» Instructions for the task: Without any pictures, print the lines below from the one that has "In Purple Mash, teachers" through the one that has "And that is all.", exactly and nothing else.

» Given entries:
[Start of Attachment]
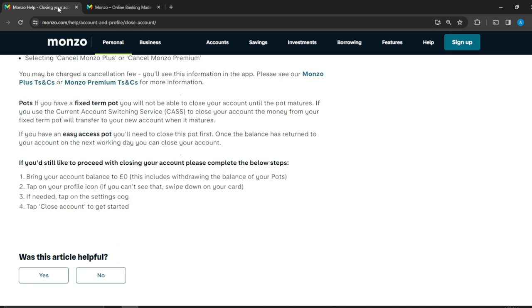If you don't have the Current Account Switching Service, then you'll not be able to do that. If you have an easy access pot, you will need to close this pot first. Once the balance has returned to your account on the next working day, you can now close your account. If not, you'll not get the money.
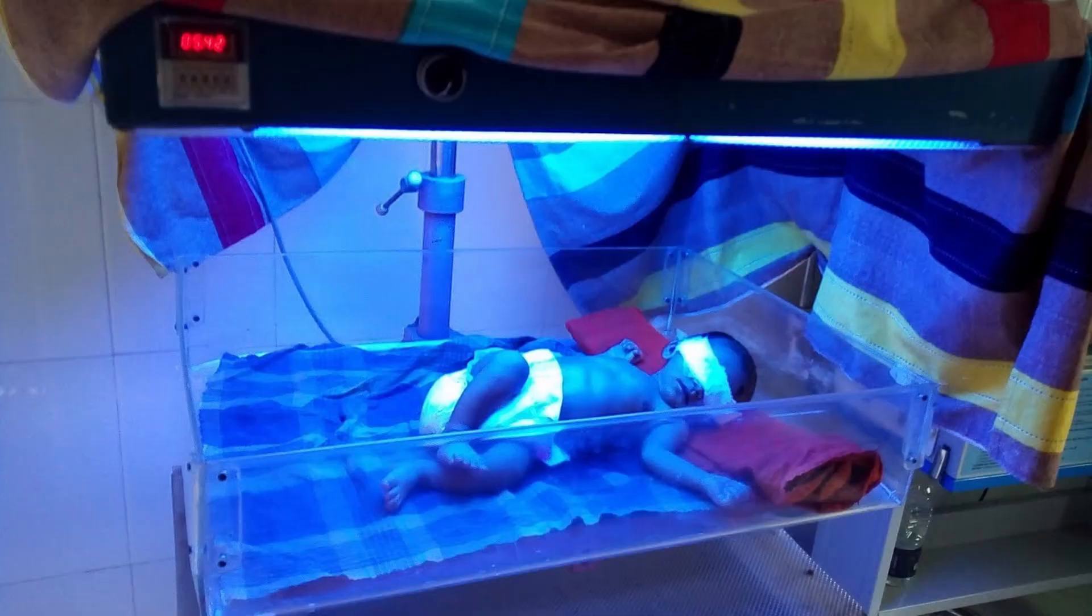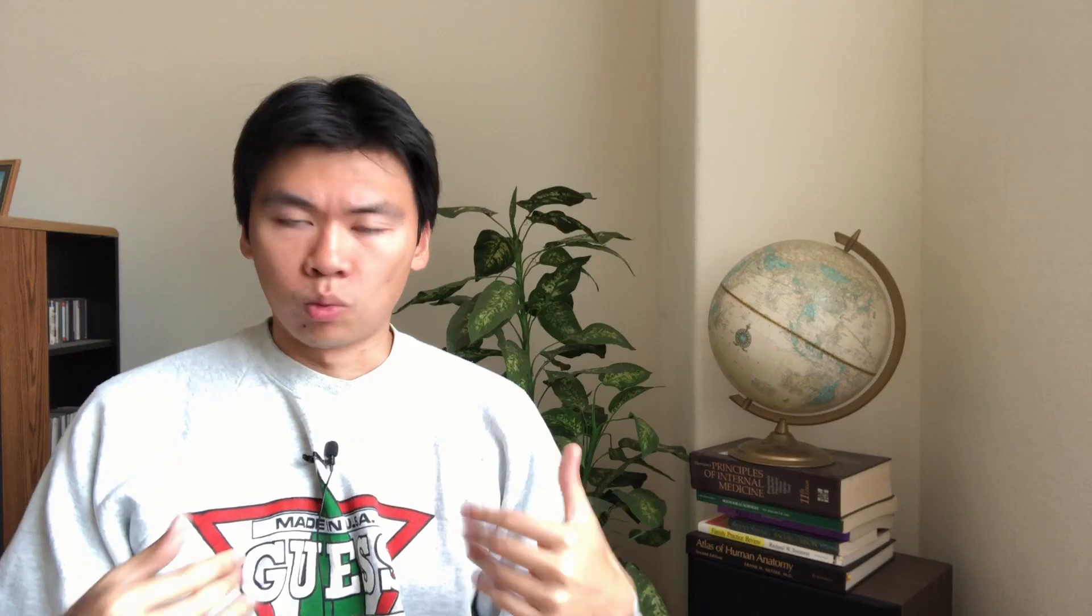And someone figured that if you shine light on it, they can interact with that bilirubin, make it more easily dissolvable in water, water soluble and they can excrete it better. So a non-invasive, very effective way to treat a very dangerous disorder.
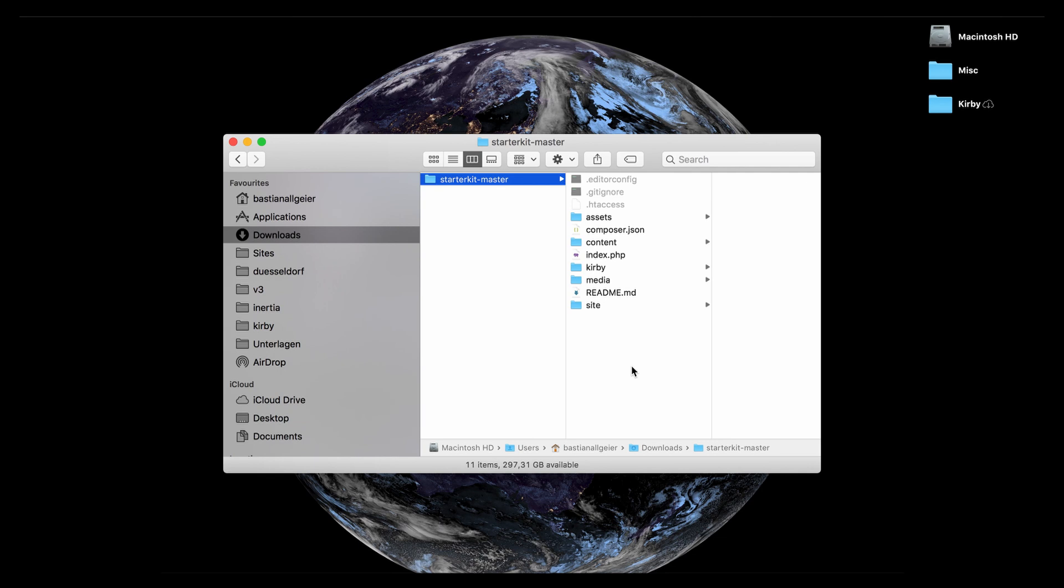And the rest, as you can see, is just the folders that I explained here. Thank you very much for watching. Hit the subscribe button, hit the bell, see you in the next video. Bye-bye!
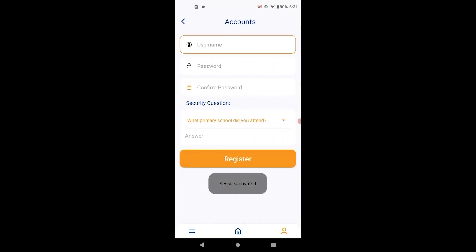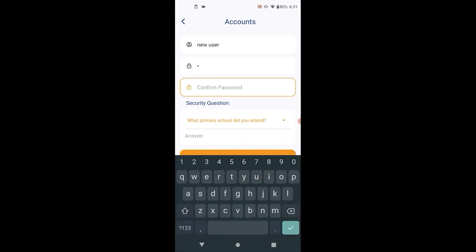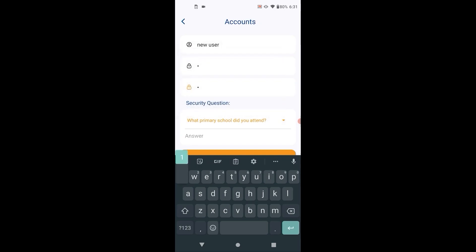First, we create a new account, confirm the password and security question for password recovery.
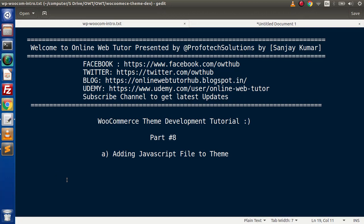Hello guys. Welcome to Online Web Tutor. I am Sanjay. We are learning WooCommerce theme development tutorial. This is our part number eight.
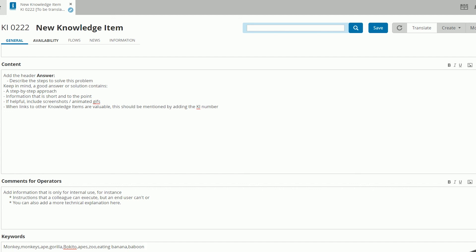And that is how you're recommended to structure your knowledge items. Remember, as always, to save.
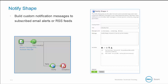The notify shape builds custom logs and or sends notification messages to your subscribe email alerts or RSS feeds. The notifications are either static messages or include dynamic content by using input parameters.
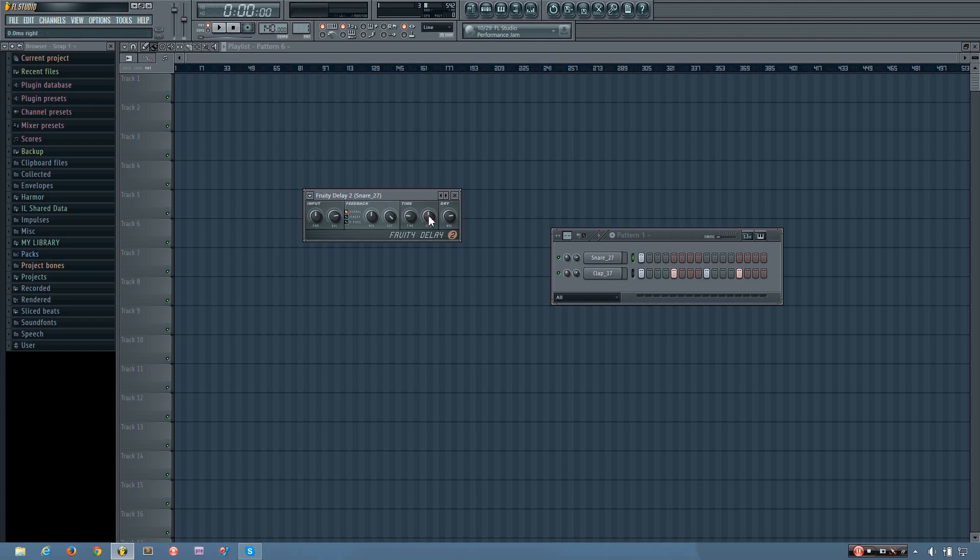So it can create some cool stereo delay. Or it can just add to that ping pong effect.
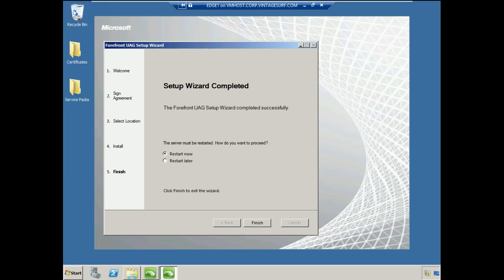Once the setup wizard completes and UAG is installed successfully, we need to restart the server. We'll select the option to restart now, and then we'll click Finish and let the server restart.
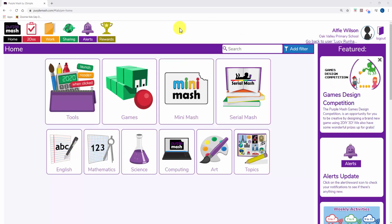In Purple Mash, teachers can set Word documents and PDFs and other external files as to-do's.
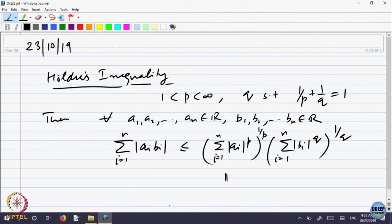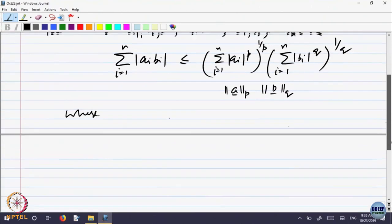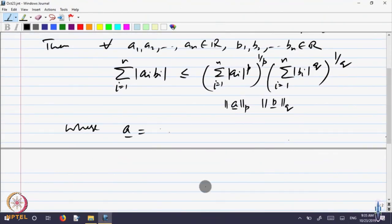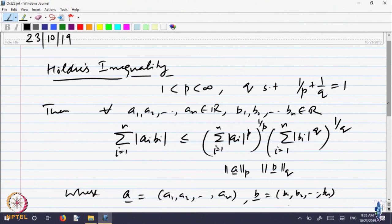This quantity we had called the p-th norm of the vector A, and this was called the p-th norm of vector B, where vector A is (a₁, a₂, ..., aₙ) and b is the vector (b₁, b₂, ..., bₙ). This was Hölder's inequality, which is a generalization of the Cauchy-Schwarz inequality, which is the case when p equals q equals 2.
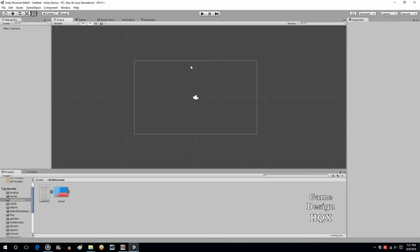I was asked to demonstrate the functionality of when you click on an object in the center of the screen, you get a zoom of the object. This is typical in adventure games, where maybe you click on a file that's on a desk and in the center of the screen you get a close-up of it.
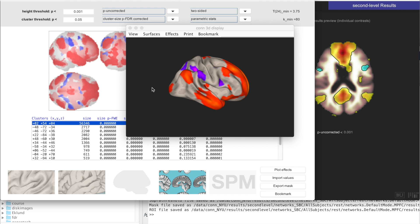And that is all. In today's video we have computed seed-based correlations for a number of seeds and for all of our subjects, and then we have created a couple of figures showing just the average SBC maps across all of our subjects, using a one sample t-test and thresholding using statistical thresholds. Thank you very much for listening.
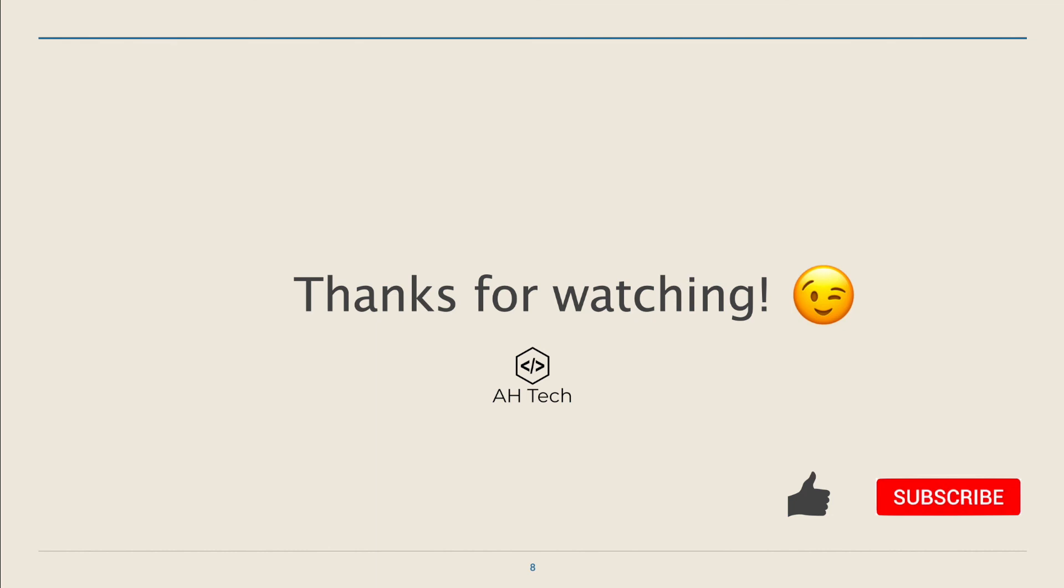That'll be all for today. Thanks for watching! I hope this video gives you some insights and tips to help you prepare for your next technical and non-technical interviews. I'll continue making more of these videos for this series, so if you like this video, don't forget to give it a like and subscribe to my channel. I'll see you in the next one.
[End of Attachment]
» Solution:
In Purple Mash, teachers can set Word documents and PDFs and other external files as to-do's.
This quantity we had called the p-th norm of the vector A, and this was called the p-th norm of vector B, where vector A is (a₁, a₂, ..., aₙ) and b is the vector (b₁, b₂, ..., bₙ). This was Hölder's inequality, which is a generalization of the Cauchy-Schwarz inequality, which is the case when p equals q equals 2.
I was asked to demonstrate the functionality of when you click on an object in the center of the screen, you get a zoom of the object. This is typical in adventure games, where maybe you click on a file that's on a desk and in the center of the screen you get a close-up of it.
And that is all. In today's video we have computed seed-based correlations for a number of seeds and for all of our subjects, and then we have created a couple of figures showing just the average SBC maps across all of our subjects, using a one sample t-test and thresholding using statistical thresholds. Thank you very much for listening.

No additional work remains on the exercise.